Exercise details:
Set down exactly the lines of the listing below, please, beginning with the first and ending with the line that holds "Policjanci Centralnego Biura".

[Data — start]

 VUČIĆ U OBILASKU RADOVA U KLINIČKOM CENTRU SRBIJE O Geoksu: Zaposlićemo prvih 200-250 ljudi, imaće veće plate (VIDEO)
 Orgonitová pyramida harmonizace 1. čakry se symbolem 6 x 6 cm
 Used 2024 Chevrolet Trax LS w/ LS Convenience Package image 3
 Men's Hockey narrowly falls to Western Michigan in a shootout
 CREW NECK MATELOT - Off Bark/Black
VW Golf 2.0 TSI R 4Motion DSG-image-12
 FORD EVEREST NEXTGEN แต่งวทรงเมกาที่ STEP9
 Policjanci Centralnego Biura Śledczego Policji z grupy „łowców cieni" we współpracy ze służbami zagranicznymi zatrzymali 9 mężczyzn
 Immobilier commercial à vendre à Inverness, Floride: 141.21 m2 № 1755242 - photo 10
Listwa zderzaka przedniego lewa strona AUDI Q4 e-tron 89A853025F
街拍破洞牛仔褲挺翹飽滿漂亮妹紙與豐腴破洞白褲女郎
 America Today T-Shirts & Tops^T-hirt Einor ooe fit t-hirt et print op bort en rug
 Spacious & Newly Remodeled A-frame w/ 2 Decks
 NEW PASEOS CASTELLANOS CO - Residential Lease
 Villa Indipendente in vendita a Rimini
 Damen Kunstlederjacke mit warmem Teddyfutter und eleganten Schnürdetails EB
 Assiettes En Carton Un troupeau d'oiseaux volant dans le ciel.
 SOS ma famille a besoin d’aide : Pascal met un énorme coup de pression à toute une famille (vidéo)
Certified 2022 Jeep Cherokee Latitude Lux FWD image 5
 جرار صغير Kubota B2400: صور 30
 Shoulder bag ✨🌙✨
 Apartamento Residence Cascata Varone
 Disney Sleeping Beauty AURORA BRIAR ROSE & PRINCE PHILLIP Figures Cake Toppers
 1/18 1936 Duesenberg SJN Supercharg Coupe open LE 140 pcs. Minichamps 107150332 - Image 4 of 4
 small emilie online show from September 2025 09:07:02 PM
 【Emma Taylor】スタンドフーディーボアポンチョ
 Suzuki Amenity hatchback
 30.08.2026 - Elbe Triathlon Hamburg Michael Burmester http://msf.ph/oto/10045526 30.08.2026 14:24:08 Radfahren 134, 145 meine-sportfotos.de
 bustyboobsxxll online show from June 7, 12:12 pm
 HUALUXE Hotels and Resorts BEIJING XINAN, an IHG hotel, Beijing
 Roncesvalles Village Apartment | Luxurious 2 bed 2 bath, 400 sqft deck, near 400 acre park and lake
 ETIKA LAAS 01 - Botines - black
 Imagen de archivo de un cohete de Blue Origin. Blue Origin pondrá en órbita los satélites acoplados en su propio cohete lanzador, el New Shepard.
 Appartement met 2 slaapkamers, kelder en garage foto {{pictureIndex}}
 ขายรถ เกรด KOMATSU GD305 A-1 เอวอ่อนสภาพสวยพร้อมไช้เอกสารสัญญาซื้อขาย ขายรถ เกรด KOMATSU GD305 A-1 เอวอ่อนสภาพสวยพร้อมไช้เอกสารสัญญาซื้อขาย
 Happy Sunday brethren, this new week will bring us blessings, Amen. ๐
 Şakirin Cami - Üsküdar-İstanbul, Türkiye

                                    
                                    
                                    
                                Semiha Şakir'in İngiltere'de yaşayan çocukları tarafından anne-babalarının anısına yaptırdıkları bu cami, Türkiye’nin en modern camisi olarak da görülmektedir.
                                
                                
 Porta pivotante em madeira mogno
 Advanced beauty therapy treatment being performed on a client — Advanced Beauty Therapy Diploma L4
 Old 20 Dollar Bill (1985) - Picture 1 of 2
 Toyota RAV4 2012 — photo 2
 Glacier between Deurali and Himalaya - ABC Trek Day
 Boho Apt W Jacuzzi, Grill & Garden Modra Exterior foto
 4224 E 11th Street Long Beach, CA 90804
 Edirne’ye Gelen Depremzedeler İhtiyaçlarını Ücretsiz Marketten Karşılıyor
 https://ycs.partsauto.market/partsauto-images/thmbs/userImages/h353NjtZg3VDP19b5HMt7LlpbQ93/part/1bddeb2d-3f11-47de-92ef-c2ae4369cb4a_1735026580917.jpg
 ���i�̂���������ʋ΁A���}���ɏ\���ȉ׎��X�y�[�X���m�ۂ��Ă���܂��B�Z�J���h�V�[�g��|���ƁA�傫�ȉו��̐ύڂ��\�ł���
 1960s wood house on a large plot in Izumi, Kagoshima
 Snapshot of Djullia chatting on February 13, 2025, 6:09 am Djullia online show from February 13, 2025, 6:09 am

[Data — finish]

Finished exercise:
 VUČIĆ U OBILASKU RADOVA U KLINIČKOM CENTRU SRBIJE O Geoksu: Zaposlićemo prvih 200-250 ljudi, imaće veće plate (VIDEO)
 Orgonitová pyramida harmonizace 1. čakry se symbolem 6 x 6 cm
 Used 2024 Chevrolet Trax LS w/ LS Convenience Package image 3
 Men's Hockey narrowly falls to Western Michigan in a shootout
 CREW NECK MATELOT - Off Bark/Black
VW Golf 2.0 TSI R 4Motion DSG-image-12
 FORD EVEREST NEXTGEN แต่งวทรงเมกาที่ STEP9
 Policjanci Centralnego Biura Śledczego Policji z grupy „łowców cieni" we współpracy ze służbami zagranicznymi zatrzymali 9 mężczyzn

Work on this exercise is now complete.